本稿を書くために香港セッションの写真を見返していた。顔合わせの時の最初の集合写真と、一週間のセッションを終えた最後の集合写真を見比べてみた。最初と最後では表情がまったく違う。最初の写真では、顔から緊張が垣間見える。最後の写真はみんな笑顔だ。さらに観察してみると、最初の写真では東大生は東大生の隣に、北京大生は北京大生の隣に立っている。どこか心細さもあったのだろう。一方で、最後の写真では東大生・北京大生が完全に入り混じっている。これが香港セッションである。東大の構成員・北京大の構成員としてではなく、個としてお互い認識しあえるようになった。たとえ違う国から来ていても、個として相手を信じられるようになった。
「差別、抵抗、和解」分科会では、社会階層、ジェンダー、エリートの責任、エイジズムという4つのテーマを香港で議論した。
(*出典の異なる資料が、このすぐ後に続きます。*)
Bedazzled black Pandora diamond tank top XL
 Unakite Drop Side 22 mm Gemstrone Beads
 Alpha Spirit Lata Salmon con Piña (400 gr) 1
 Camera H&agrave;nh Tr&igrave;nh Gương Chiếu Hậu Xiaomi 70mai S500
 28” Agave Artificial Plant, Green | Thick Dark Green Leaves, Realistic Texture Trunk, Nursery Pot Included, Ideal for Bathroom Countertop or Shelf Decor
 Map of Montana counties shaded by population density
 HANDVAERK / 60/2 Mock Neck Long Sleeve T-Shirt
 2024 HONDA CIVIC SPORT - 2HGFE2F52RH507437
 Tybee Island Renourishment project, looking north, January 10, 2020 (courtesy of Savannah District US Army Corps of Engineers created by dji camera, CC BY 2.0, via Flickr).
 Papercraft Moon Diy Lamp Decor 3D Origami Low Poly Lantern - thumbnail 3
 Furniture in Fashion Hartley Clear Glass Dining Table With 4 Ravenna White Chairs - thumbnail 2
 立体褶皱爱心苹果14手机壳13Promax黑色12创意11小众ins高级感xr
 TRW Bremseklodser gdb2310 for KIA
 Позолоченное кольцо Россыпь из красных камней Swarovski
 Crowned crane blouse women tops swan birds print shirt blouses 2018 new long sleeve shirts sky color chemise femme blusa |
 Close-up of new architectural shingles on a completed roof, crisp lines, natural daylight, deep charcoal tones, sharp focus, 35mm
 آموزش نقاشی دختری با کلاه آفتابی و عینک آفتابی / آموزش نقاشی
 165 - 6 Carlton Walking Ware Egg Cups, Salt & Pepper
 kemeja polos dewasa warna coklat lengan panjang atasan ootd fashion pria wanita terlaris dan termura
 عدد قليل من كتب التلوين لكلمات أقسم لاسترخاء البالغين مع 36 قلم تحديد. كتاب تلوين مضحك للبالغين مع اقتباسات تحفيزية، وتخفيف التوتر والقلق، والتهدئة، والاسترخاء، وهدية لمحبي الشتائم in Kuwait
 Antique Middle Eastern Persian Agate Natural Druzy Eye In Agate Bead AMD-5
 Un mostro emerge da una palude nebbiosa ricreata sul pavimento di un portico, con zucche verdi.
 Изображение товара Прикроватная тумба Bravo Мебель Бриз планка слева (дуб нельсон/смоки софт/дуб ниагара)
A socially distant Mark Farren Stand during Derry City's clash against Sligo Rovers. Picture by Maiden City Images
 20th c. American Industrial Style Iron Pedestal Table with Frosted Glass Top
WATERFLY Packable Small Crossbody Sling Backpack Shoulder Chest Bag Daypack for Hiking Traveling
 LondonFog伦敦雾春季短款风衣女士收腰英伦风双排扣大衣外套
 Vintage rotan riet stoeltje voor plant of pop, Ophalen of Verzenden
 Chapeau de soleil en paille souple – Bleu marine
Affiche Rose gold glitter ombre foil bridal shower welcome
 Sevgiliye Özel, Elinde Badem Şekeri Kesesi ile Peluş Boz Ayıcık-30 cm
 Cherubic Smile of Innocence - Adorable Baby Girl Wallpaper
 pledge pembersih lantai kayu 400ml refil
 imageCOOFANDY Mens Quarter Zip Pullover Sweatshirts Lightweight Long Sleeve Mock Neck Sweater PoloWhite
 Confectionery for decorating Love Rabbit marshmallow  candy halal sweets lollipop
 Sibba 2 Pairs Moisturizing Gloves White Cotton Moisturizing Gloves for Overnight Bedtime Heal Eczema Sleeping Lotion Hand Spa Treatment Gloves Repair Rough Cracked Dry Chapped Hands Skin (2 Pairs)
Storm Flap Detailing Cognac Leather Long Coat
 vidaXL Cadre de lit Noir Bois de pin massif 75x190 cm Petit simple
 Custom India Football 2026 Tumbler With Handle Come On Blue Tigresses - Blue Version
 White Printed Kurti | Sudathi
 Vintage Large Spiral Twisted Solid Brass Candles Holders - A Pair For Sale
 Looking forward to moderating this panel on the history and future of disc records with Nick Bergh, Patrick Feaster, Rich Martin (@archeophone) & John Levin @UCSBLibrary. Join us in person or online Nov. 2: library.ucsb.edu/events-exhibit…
具体的な議論の内容は、最終報告書に譲ろうと思う。ここで述べたいのは、議論の方法である。香港で実際に会って1週間を共に過ごす中で、このメンバーでしかできない議論ができたと自負している。
学生同士が社会問題について議論するとき、表層的な俗説の確認で終わりがちである。たとえば、「日本には・・・のようなジェンダーステレオタイプがある。」「中国では、高齢者の介護に関して・・・という問題がある。」「この問題を解決するには、・・・のような制度を作る必要がある。」「日本人は、もっと・・・のような意識を持つべきである。」といった議論である。極端に言えば、このような議論は誰が参加しても同じ議論ができる。参加者が変わっても、発話者が変わるだけで発言内容は変わらないだろう。誰が参加しても、同じような結論に達するはずだ。
しかし、今回の京論壇は違った。香港では、議論はもちろん、ホテルと議論会場の往復の道のり、偶然乗り合わせたエレベーター、観光客が全くいない食堂、夜散歩した街など、ありとあらゆる時間と空間を参加者で共有してきた。その過程で、セッションテーマに関連する論題だけでなく、将来の夢、専攻分野、好きな思想家、最近読んだ本、プライベートなこと、などさまざまなことをお互い話し、お互い聞いた。こうした交流を通じて、「北京大の人」「東大の人」という単純なプロファイルを超えた、固有性を持ったひとりの人間としてお互いを認識できるようになった。その結果、セッションテーマに関する議論でも、「あなたはどう思うのか?」「私はこの問題についてこう感じている」「私はこの問題に・・・のような点で当事者性を持っている」といった、いま・ここにいる「私」にしかできない議論をできるようになった。私たちは、「東大生として」「北京大生として」ではなく、個人として固有の経験・知識・価値観・考えを持っている。この固有性に根ざした議論ができたのが、京論壇香港セッションの収穫である。